EXERCISE PROMPT: Write out each record exactly as it stands. No pictures belong in the copy.

- Opening Delimiter -

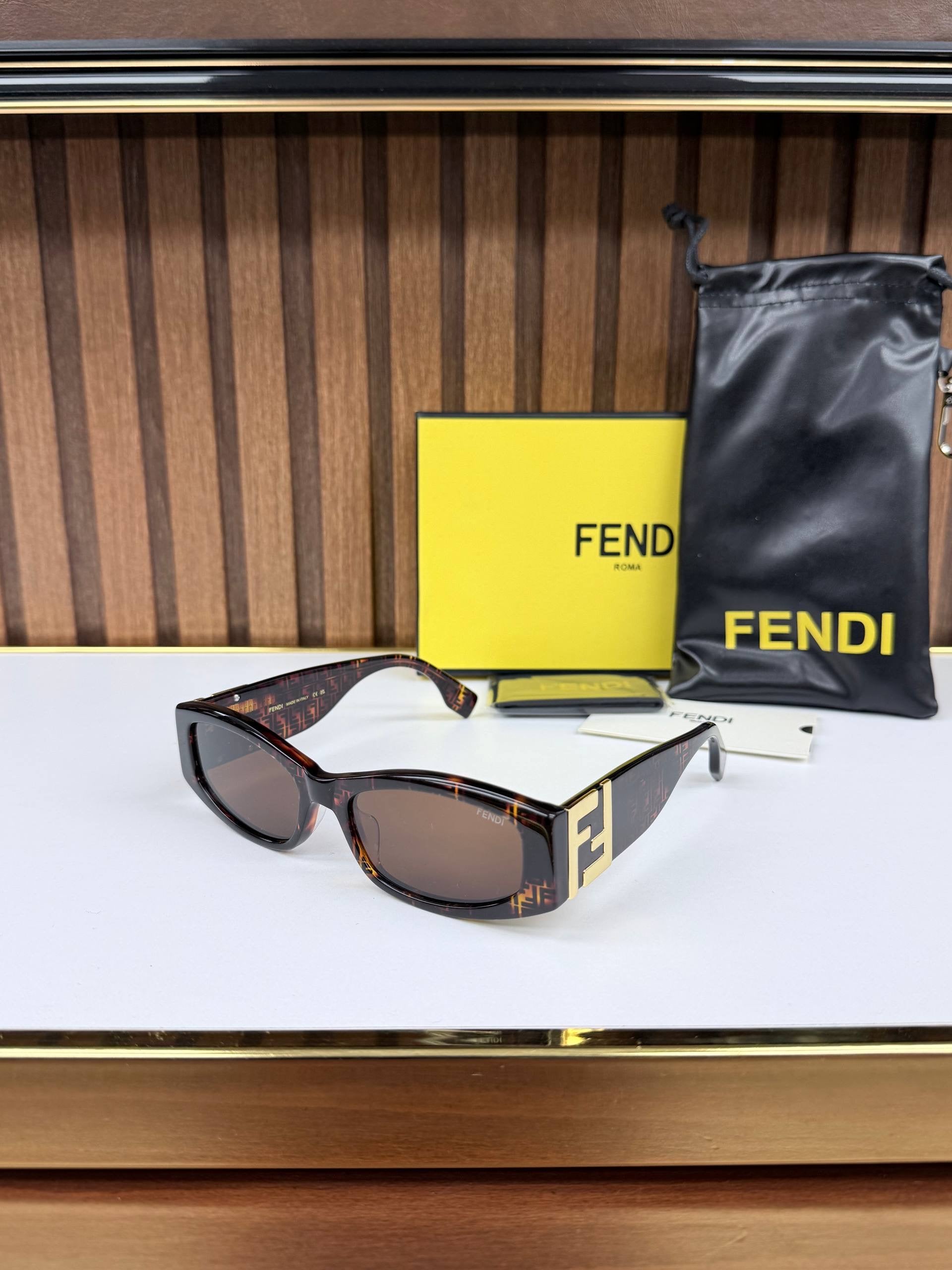 Eyewear Sunglasses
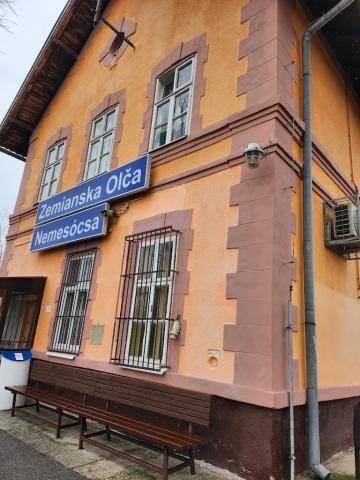 Fotografie Zemianska Olča Train station
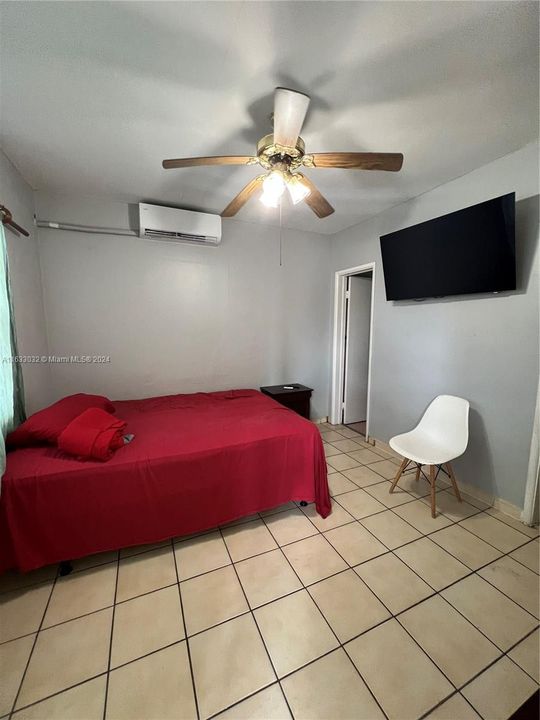 For Rent: $1,200 (1 beds, 1 baths, 180 Square Feet)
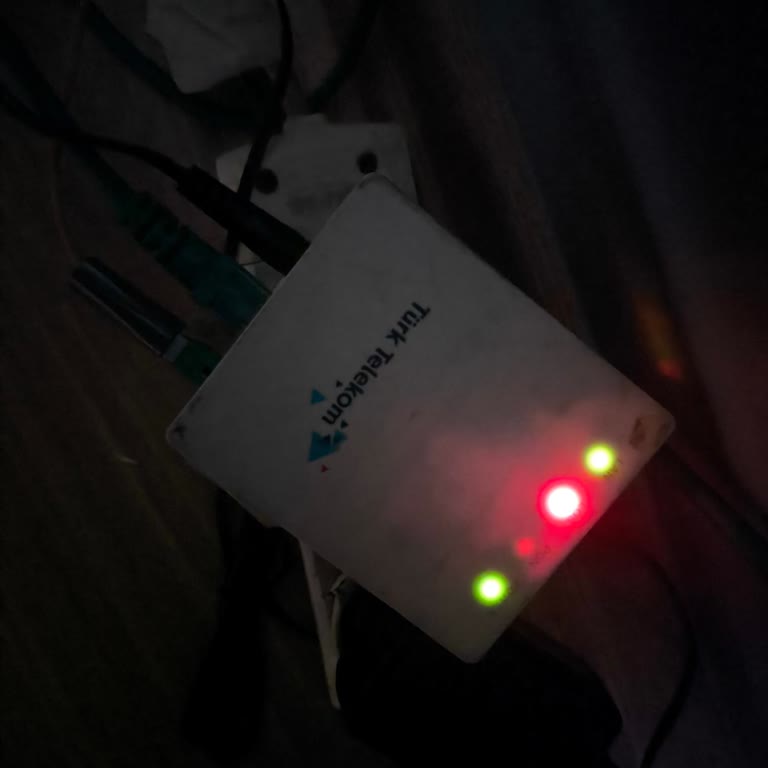 İnternet Yok, Söz Verilen Zamanlar Asla Gelmiyor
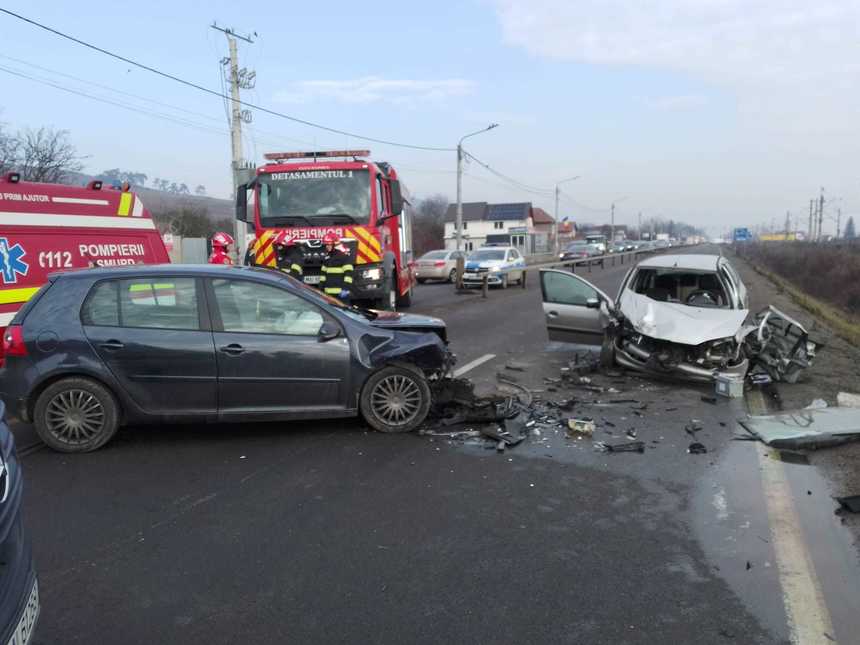 Két személy rekedt a roncsok között egy Kolozs megyei balesetben./ Fotó: katasztrófavédelem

- Closing Delimiter -

RESPONSE:
 Eyewear Sunglasses
 Fotografie Zemianska Olča Train station
 For Rent: $1,200 (1 beds, 1 baths, 180 Square Feet)
 İnternet Yok, Söz Verilen Zamanlar Asla Gelmiyor
 Két személy rekedt a roncsok között egy Kolozs megyei balesetben./ Fotó: katasztrófavédelem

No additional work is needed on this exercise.